How I suggest paring down
- Ask yourself, “What’s the easiest thing to get rid of?”
- Get rid of the first thing that comes to mind. If you spend extra decision power trying to figure out if it’s really the #1 easiest thing of all the things in your life to get rid of, you’re just wasting yourself away.
Repeat those first two steps.
Once you reach a point where nothing feels too easy to get rid of, stop. Mark a date on your calendar when you’ll revisit this question. Make it a month to six months from today.
In the meantime, don’t try to get rid of anything else but don’t add anything either. Just live. Live with what you have. And as you’re living, ask yourself, as the ancient stoics did, “Is this the situation I feared?”
This model works for a couple reasons:
- It removes a lot of the thought process. Your thinking brain doesn’t want to get rid of stuff. That’s goes against everything it’s learned from consumerist culture.

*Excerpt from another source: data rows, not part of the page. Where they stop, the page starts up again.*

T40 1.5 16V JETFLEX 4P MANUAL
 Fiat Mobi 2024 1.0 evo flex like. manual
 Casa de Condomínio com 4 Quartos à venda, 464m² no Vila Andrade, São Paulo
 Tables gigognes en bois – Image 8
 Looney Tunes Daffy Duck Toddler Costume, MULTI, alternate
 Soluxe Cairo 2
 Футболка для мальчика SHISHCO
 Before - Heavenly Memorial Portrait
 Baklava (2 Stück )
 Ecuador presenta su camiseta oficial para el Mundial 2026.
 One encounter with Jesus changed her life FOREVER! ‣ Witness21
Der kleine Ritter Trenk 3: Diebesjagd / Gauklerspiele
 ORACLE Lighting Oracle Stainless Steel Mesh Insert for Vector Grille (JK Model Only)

- It introduces you to minimalism in steps. Instead of trying to sell your DVD collection or unplug your fridge right off, you can ease your way into it.
I think this is one of the biggest turnoffs in minimalism. When someone first approaches the subject, they look to the examples already living the lifestyle. In many cases, these examples have already passed through the early stages, so their version of minimalism seems insanely extreme.
Thing is, everyone started somewhere. And most didn’t start by selling all their cars. Most started somewhere simple: they gave away some of their T-shirts, they donated a few of their books to the library, they deleted some of the emails in their inbox.
As a beginner, look to the experts for inspiration but then just experiment. Get rid of something, the easiest thing, do it again and again, and keep asking, “Is this what scared me?”